God has promised the people that they will return to their homelands. But how does this happen? Through a great Jewish leader? Through a rebellious movement of the people? No. The unexpected opportunity to return home comes at the hands of a gentile King called Cyrus.
As they return home, do things go smoothly? Of course not. New Beginnings can be traumatic. Particularly if there are those who don't agree with the way things are developing. An unwelcome feature of their returning is unwanted opposition.
You would expect those who returned and who were given a second chance would be faithful, right? Wrong. They quickly become very comfortable in their new situation and are fearful of rocking the boat particularly when there is talk of opposition. Such results in underutilized opportunites.

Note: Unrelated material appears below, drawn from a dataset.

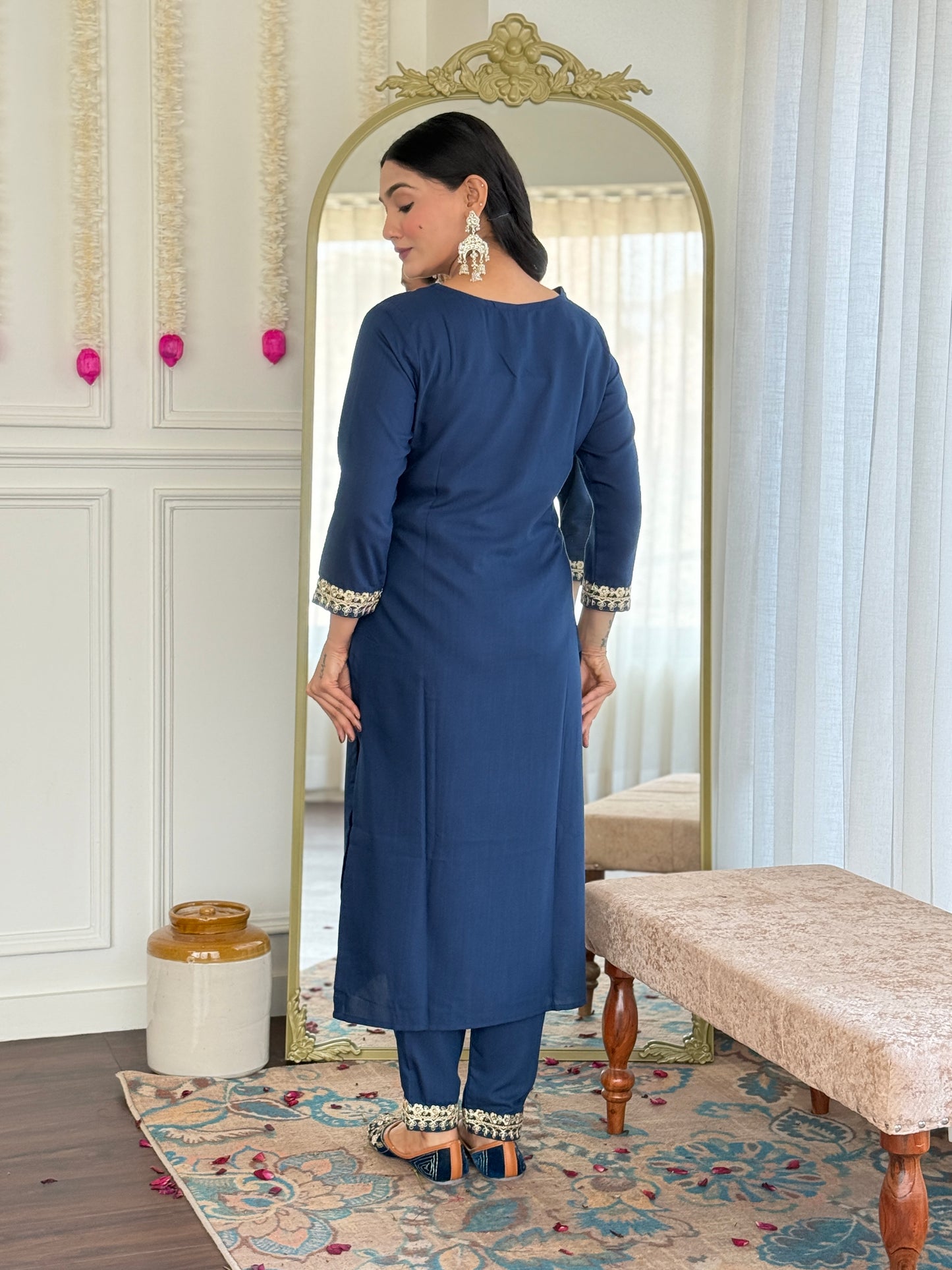 New Style Embroidered Viscose Slub Suit Set | Chinon Dupatta | 3-Piece Ready-to-Wear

Sounds like three phrases to hang a sermon on right there... 'Unexpected Opportunity', 'Unwanted Opposition' and 'Underutilized Opportunity'. Let's think about each of those.
We know from Scriptures, such as Psalm 31, that the people were not happy being in exile. “By the rivers of Babylon we sat and wept when we remembered Zion.” (verse 1) There were individuals who prospered, like Daniel, but even he looked forward to a time when they could return home. But nobody figured out how that could happen.

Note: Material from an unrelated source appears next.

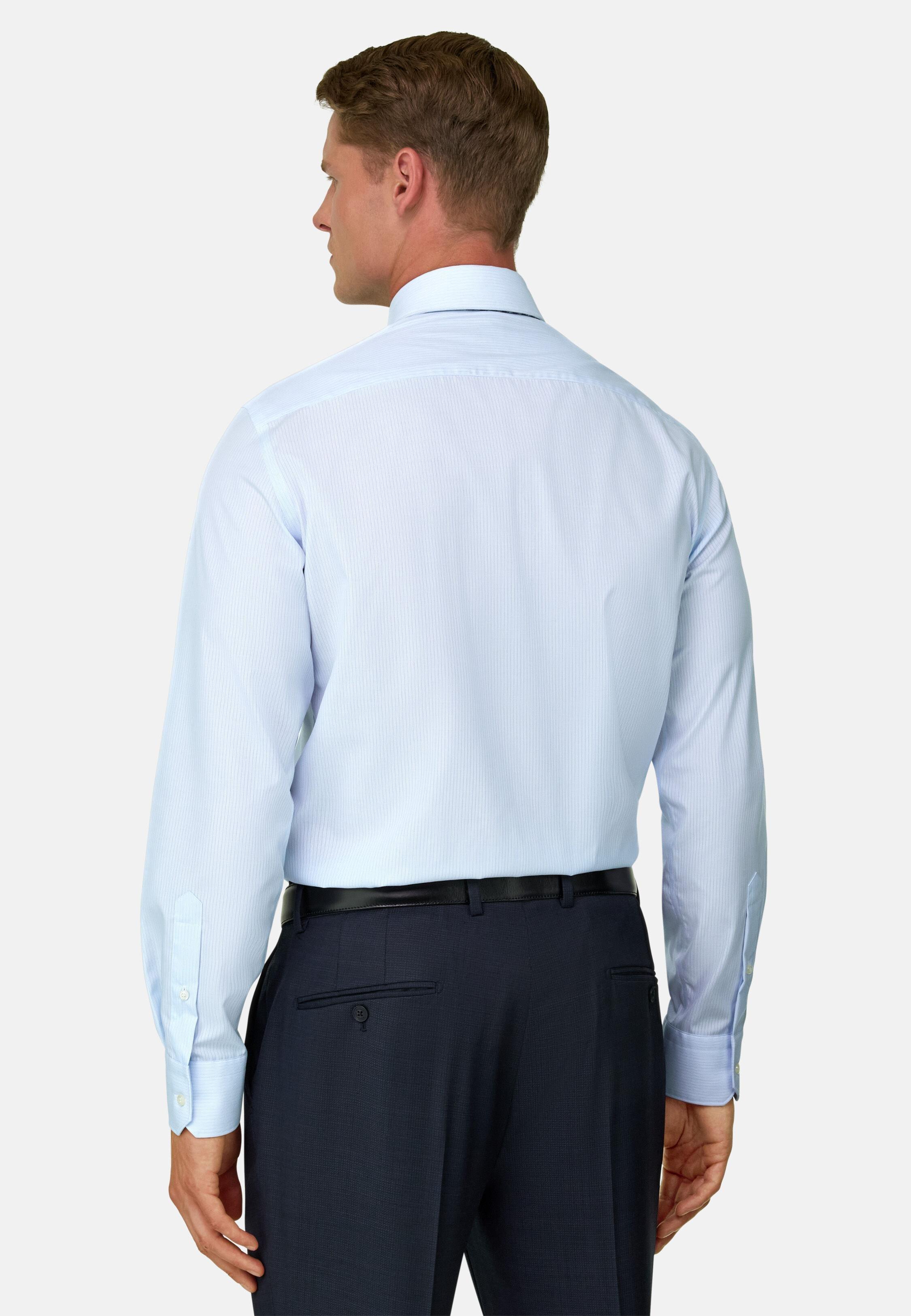Striped Cotton Slim Fit Shirt Light Blue, Light Blue, large image number 4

God had a plan to raise up Cyrus, a persian King to fulfill God's purpose. How much Cyrus felt that was his destiny is not clear. What we do know about Cyrus is that he felt that the peace of his vast empire could be maintained by allowing fredom of expression to the different religious communities who were part of it. He is remembered for that.
As recently as 1994 a statue depicting Cyrus the Great was erected in a park in Sydney, Australia. The monument is intended as a symbol for multiculturalism; to express the coexistence and peaceful cohabitation of people from different cultures and backgrounds.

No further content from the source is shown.